Part of Governor’s Budget Plan Lawmakers Should Enact Soon
In the wake of a projected $25.4 billion budget shortfall if lawmakers do nothing between now and June 30, 2012, Gov. Arnold Schwarzenegger – for the last time – declared a fiscal emergency December 6 and called the Legislature into a special session to deal with the problem.
Schwarzenegger proposed $9.9 billion in actions — $7 billion of them spending cuts — to eliminate the current year’s projected deficit of $6 billion, and whittle down the expected shortfall for the new fiscal year that begins July 1.
“Any governor would call for a special session now,” Schwarzenegger told reporters. “Every month of inaction the state will spend hundreds of millions of dollars more than it takes in.”
This is the eighth special session on the budget Schwarzenegger has called in seven years as governor.
Democrats, who hold comfortable majorities in both the Assembly and the Senate, told the GOP governor to pound sand.
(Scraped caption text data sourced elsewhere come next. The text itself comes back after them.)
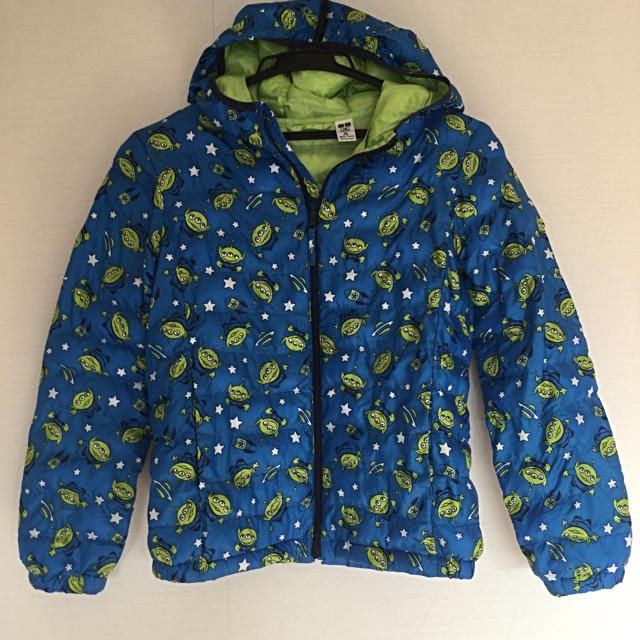 UNIQLO(ユニクロ)の子供用ジャンバー 140cm キッズ/ベビー/マタニティのキッズ服男の子用(90cm~)(ジャケット/上着)の商品写真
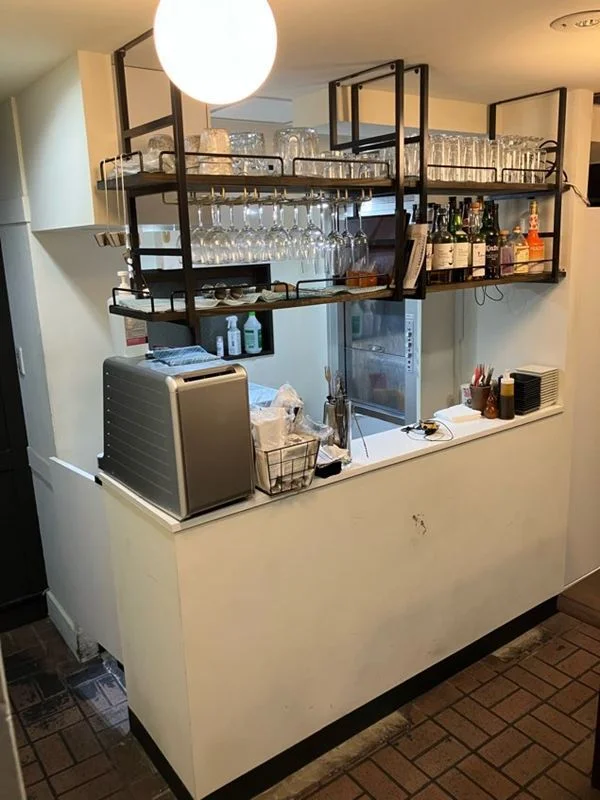 月島の焼肉屋居抜きの内装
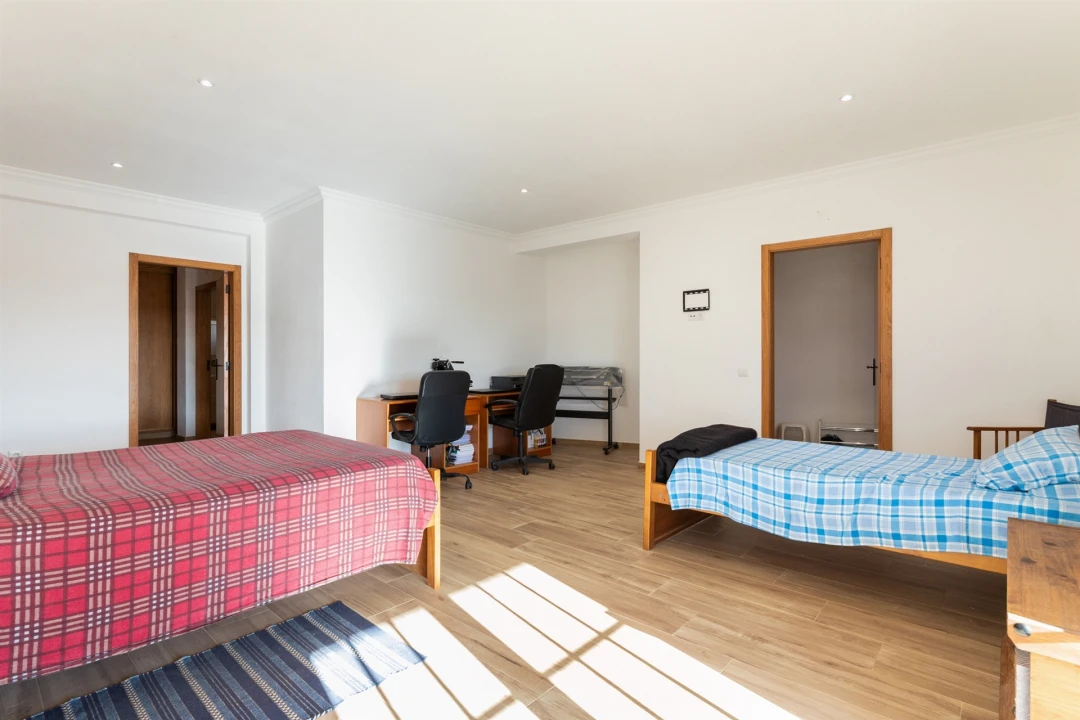 Moradia T7 para Venda em Terena (São Pedro) Foto 30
They said that they would return in January and deal with Governor-elect Jerry Brown.
“Transforming California thoughtfully and responsibly will take longer than the 28 days Governor Schwarzenegger has left in office. Hasty action now could have devastating impacts on our economy,” said Bob Blumenfield, a Van Nuys Democrat who chairs the lower house’s budget committee.
“That is why I prefer to develop long-term budget solutions with the governor tasked with administering these enormous changes to our state – Jerry Brown.”
Although the bulk of the GOP governor’s spending cuts have been pitched by him previously – and rejected by Democrats – one proposal is new, spawned by voter approval of Proposition 22 on November’s ballot.
Prior to the initiative passage, the state was suing a portion of excise taxes collected on gasoline to pay debt service on transportation bonds.
Proposition 22, backed by the League of California Cities and redevelopment agencies, prohibits the state from “borrowing” local transportations funds or redevelopment agency money to pay down the state’s budget shortages.
The ballot measure also sharply restricts the ability of the state to use fuel tax revenue to pay debt service on transportation bonds.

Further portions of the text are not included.